Source material below:

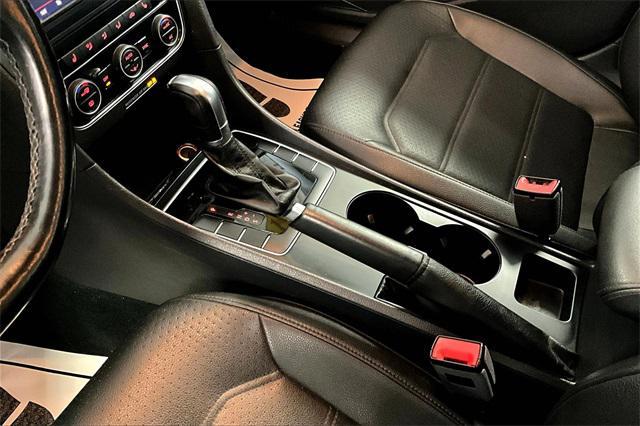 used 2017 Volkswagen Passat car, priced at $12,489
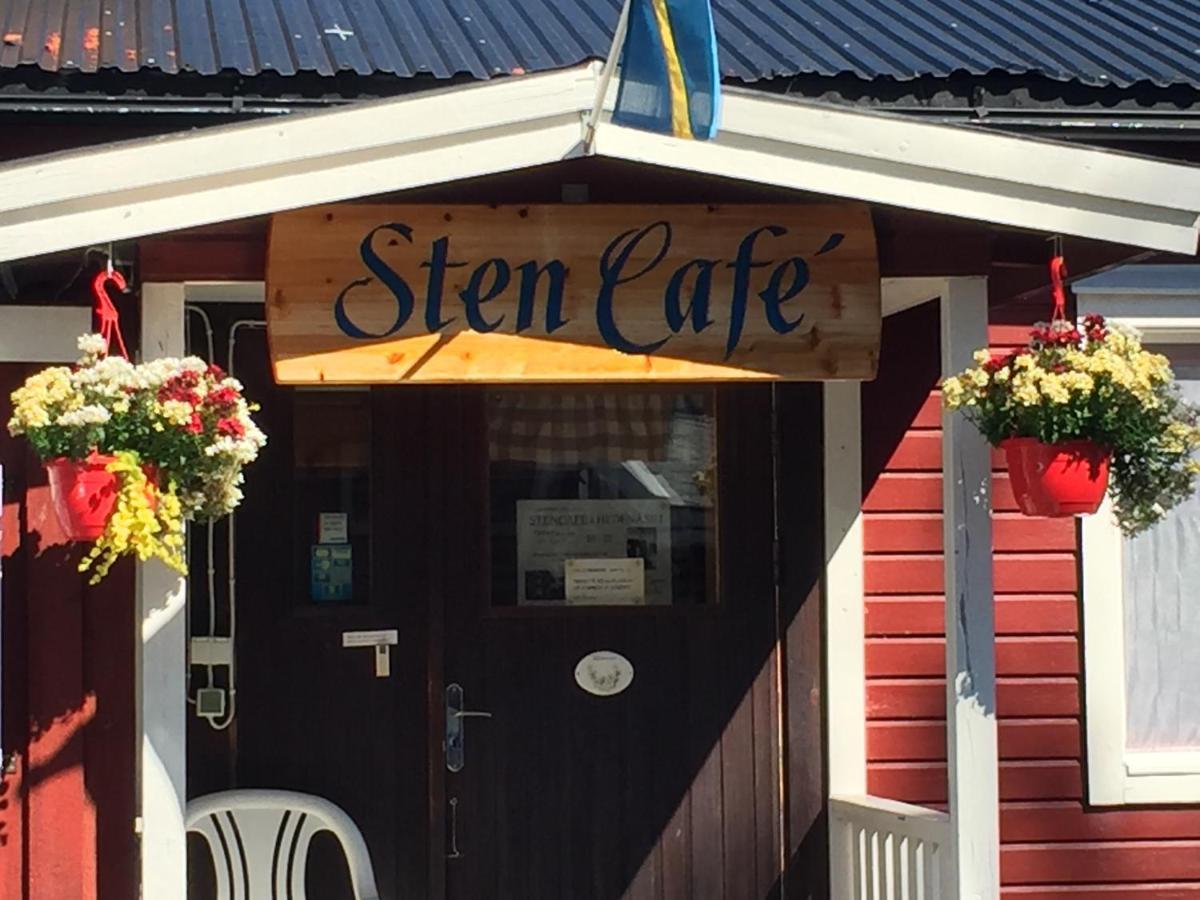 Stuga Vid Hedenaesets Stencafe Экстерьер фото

End of Source material.
Source material below:

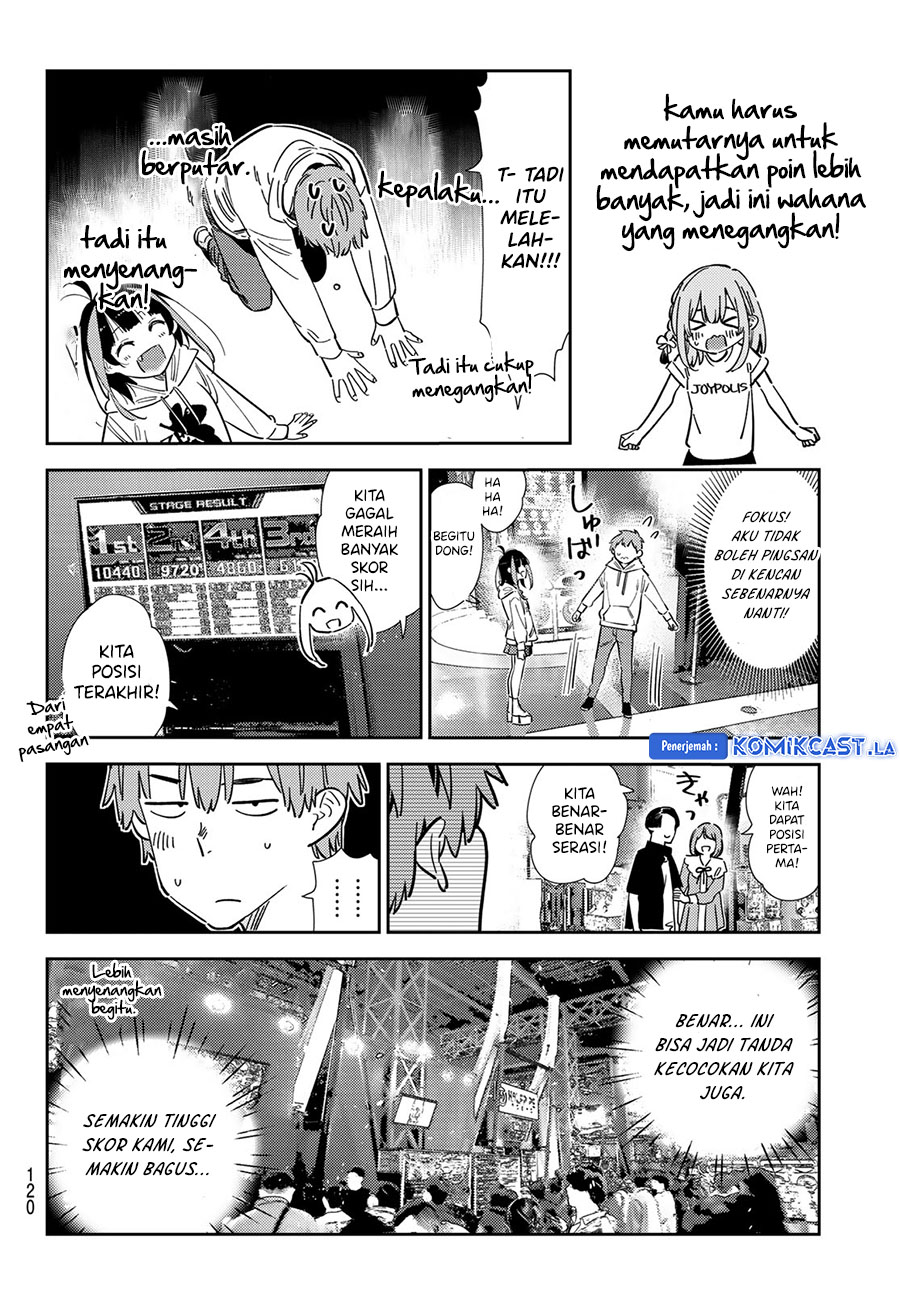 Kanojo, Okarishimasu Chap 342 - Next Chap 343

End of Source material.

Word for word, retype the lines in the entries above that run from the one with "used 2017 Volkswagen" through the one with "Stuga Vid Hedenaesets". Both ends count; pictures do not.

• _Solution to the problem_:
 used 2017 Volkswagen Passat car, priced at $12,489
 Stuga Vid Hedenaesets Stencafe Экстерьер фото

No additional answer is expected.